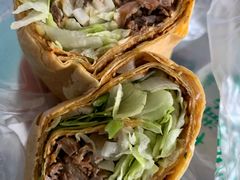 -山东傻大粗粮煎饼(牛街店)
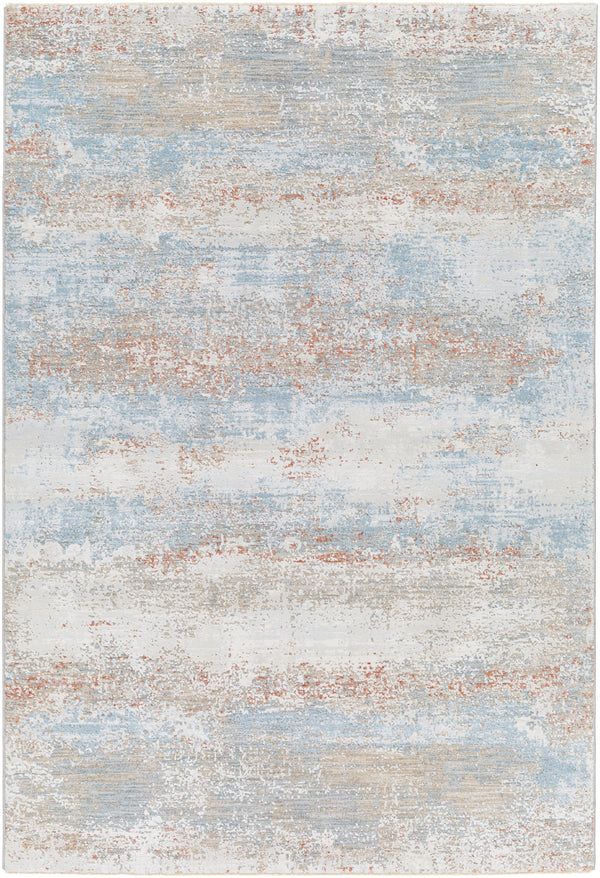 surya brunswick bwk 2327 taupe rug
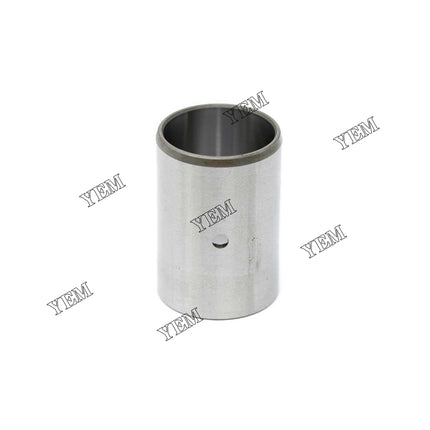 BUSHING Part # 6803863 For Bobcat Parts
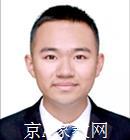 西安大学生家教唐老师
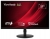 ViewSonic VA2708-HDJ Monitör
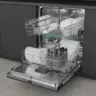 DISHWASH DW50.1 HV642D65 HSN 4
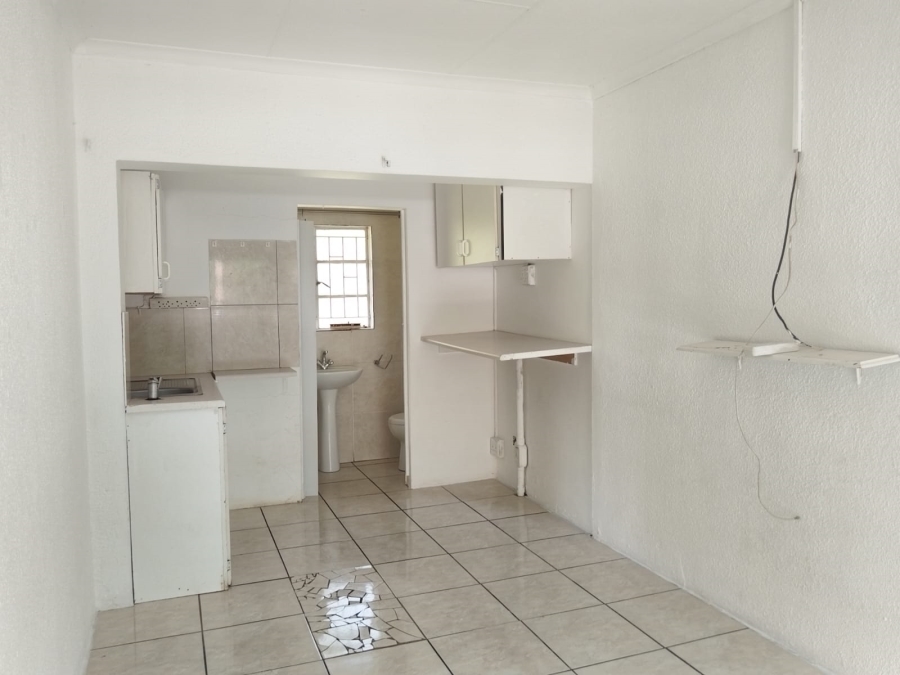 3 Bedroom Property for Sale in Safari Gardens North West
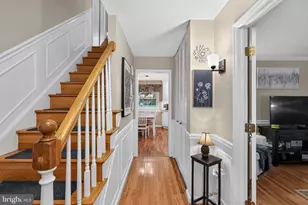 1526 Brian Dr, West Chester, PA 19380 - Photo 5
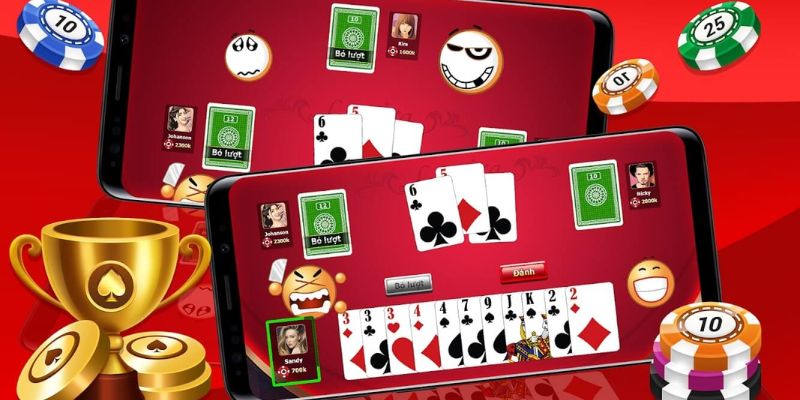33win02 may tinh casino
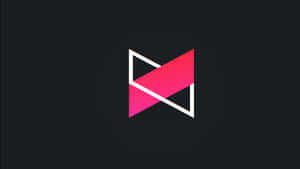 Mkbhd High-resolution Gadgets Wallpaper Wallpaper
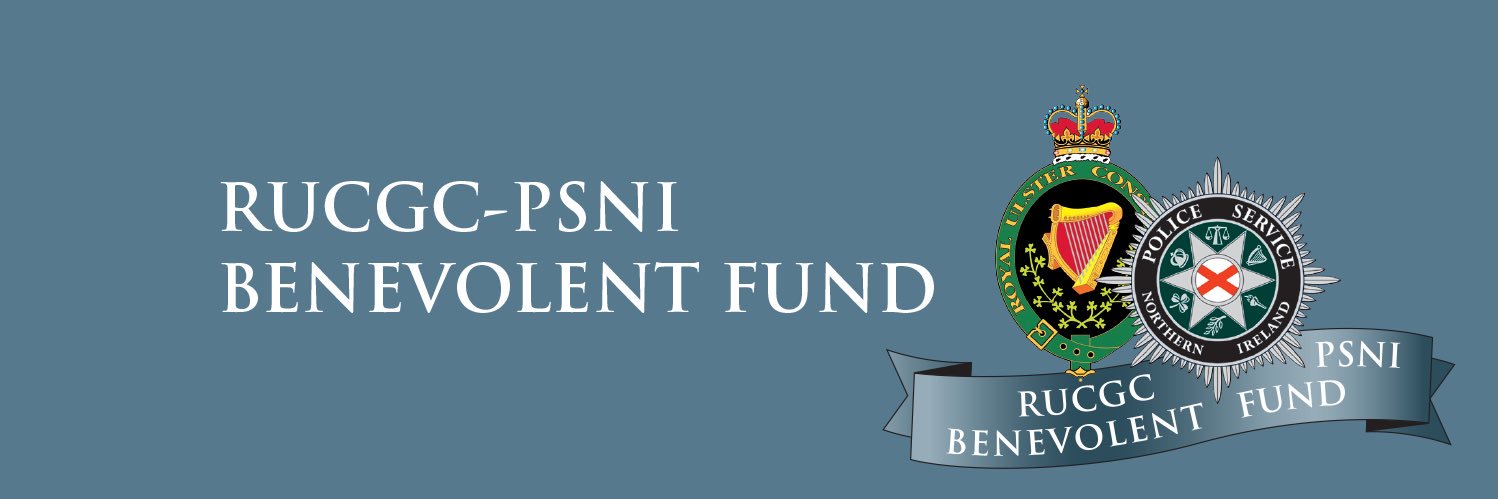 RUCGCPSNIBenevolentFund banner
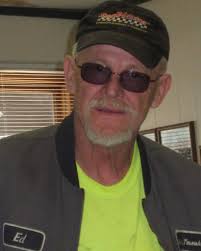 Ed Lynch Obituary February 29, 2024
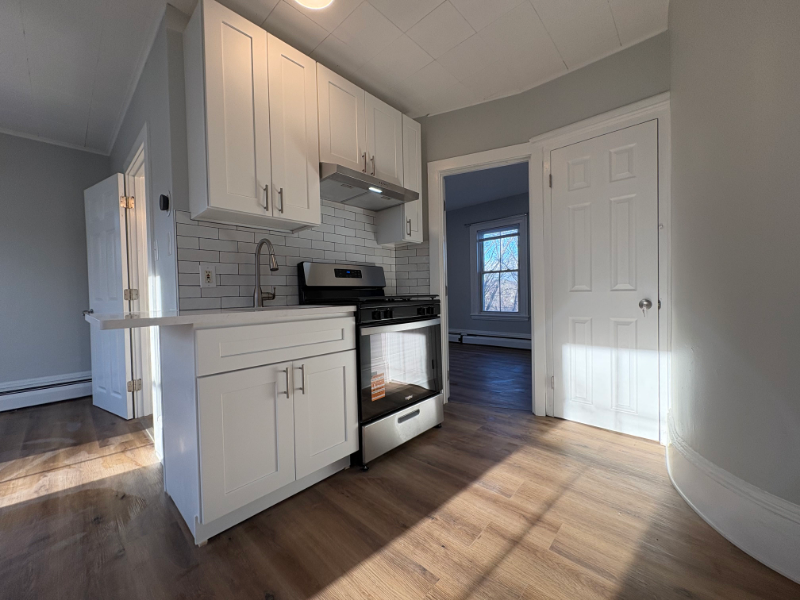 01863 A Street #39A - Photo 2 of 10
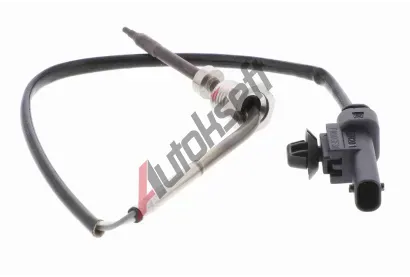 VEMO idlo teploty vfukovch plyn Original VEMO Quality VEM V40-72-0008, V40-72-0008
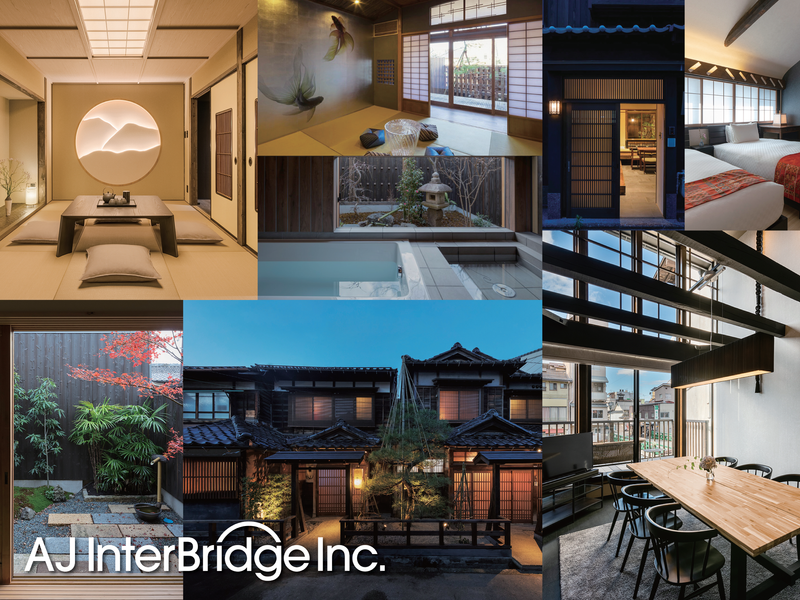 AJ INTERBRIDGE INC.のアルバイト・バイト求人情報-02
*****
## TASK DETAILS
Please set down, word for word, the lines starting at the line that holds "BUSHING Part # 6803863 For Bobcat Parts" and running to the end of the listing, with no pictures.

## WRITTEN SOLUTION
 BUSHING Part # 6803863 For Bobcat Parts
 西安大学生家教唐老师
 ViewSonic VA2708-HDJ Monitör
 DISHWASH DW50.1 HV642D65 HSN 4
 3 Bedroom Property for Sale in Safari Gardens North West
 1526 Brian Dr, West Chester, PA 19380 - Photo 5
33win02 may tinh casino
 Mkbhd High-resolution Gadgets Wallpaper Wallpaper
 RUCGCPSNIBenevolentFund banner
 Ed Lynch Obituary February 29, 2024
 01863 A Street #39A - Photo 2 of 10
 VEMO idlo teploty vfukovch plyn Original VEMO Quality VEM V40-72-0008, V40-72-0008
 AJ INTERBRIDGE INC.のアルバイト・バイト求人情報-02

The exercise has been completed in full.